Informed consent statement: This study was approved and reviewed by our Institutional Review Board.
Conflict-of-interest statement: The authors have no potential conflicts of interest to declare.
CARE Checklist (2016) statement: The authors have read the CARE Checklist (2016), and the manuscript was prepared and revised according to the CARE Checklist (2016).
Open-Access: This article is an open-access article that was selected by an in-house editor and fully peer-reviewed by external reviewers. It is distributed in accordance with the Creative Commons Attribution NonCommercial (CC BY-NC 4.0) license, which permits others to distribute, remix, adapt, build upon this work non-commercially, and license their derivative works on different terms, provided the original work is properly cited and the use is non-commercial. See: http://creativecommons.org/Licenses/by-nc/4.0/
Corresponding author: Hyun Jo Youn, MD, PhD, Chief Doctor, Surgeon, Division of Breast and Thyroid Surgery, Department of Surgery, Jeonbuk National University, 20 Gunji-ro, Jeonju 54907, South Korea. yhj0903@jbnu.ac.kr
Received: January 15, 2021 Peer-review started: January 15, 2021 First decision: February 11, 2021 Revised: February 15, 2021 Accepted: April 20, 2021 Article in press: April 20, 2021 Published online: June 16, 2021 Processing time: 131 Days and 7.1 Hours
Abstract
BACKGROUND
Capecitabine is used in combination with lapatinib as palliative treatment for human epidermal growth factor receptor 2 - positive metastatic breast cancer. The most frequently reported adverse events attributed to capecitabine include diarrhea, hyperbilirubinemia, and hand-foot syndrome (HFS). A number of cutaneous adverse events have been attributed to capecitabine, including Stevens-Johnson syndrome (SJS) as a rare and potentially life-threatening mucocutaneous condition. We report the first case involving concurrent SJS and HFS after capecitabine and lapatinib treatment.
CASE SUMMARY
A 70-year-old woman with a history of breast cancer treatment visited our hospital for evaluation of painful skin lesions. Six weeks earlier, she had been prescribed capecitabine plus lapatinib as treatment for metastatic breast cancer. She subsequently developed worsening erythema and bullae on her palms and soles, as well as reddish macules on her back and chest wall. Histopathological evaluation of the chest wall lesions revealed extensive eosinophilic epidermal necrosis and separation of the epidermis from the dermis. The capecitabine plus lapatinib treatment was discontinued immediately and treatment was started using systemic steroids. This treatment resolved most lesions, although the lesions on her palms and soles required Vaseline gauze dressings, which resulted in re-epithelialization. Therefore, we determined that the patient had concurrent SJS and HFS. Although the dermatological problems resolved, the patient ultimately died because of multiple organ failure.
CONCLUSION
Oral capecitabine treatment carries a risk of both HFS and also life-threatening adverse cutaneous drug reactions, such as SJS.

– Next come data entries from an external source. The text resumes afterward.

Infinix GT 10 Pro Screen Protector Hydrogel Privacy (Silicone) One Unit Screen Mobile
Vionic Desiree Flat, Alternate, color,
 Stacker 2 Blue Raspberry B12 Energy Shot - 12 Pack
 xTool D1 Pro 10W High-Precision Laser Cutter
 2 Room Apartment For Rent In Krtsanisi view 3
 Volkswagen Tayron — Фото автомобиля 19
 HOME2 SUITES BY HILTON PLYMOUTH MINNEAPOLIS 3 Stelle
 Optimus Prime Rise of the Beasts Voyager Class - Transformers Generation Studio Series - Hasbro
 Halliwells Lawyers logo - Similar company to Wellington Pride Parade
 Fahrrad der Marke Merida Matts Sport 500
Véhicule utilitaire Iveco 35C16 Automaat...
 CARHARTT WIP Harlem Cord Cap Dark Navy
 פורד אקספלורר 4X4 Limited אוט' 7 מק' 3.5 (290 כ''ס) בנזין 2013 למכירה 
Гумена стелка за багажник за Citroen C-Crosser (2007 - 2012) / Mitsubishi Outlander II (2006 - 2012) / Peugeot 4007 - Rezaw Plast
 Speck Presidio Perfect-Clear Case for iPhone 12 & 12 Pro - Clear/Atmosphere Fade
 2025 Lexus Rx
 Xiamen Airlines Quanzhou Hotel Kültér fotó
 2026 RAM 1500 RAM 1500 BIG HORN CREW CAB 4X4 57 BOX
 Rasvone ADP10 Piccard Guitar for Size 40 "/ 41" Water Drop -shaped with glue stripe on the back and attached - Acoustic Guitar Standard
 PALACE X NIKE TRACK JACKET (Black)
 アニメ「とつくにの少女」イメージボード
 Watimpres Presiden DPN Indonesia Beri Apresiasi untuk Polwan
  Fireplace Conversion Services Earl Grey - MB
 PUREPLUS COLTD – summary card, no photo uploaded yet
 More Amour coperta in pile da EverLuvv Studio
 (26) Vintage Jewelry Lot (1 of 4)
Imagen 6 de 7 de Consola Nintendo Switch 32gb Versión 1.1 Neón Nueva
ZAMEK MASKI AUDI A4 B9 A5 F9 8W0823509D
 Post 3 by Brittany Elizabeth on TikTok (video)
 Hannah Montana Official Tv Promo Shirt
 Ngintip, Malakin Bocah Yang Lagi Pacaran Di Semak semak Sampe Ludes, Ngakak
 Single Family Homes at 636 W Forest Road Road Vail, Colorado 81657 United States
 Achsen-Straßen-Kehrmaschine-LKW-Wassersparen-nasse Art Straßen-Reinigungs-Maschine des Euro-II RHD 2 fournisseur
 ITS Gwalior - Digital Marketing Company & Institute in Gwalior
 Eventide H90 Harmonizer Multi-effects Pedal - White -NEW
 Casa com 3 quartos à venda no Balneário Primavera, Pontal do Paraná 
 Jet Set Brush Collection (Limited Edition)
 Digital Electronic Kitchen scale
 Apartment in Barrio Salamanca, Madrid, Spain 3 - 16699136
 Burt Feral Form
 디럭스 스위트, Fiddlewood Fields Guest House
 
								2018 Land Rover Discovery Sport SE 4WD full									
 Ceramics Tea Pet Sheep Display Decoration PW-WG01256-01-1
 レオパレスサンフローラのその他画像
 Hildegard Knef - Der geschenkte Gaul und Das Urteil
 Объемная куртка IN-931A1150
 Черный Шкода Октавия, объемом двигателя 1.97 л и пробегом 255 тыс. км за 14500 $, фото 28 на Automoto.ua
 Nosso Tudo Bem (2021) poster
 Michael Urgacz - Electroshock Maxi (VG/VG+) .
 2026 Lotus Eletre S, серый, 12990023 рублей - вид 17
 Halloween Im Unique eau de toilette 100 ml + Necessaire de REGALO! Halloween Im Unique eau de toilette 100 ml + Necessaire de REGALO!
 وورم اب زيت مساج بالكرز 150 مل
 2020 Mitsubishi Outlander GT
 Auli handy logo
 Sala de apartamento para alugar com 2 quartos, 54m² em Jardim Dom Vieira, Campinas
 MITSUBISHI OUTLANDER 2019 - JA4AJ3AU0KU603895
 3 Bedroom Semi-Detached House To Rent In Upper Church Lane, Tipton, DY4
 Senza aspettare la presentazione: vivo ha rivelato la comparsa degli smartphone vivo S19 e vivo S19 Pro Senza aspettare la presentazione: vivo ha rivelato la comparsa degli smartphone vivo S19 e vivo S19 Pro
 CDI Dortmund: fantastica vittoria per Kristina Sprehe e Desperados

Core Tip: Hand-foot syndrome (HFS) is a relatively well-known side effect of capecitabine treatment, although Stevens-Johnson syndrome (SJS) is not generally associated with capecitabine treatment. We report a case involving concurrent HFS and SJS. These side effects may decrease the patient's quality of life and delay chemotherapy for their primary disease. Therefore, clinicians should be aware of SJS as a rare side effect of capecitabine treatment and consider a multidisciplinary approach to treating this complication if necessary.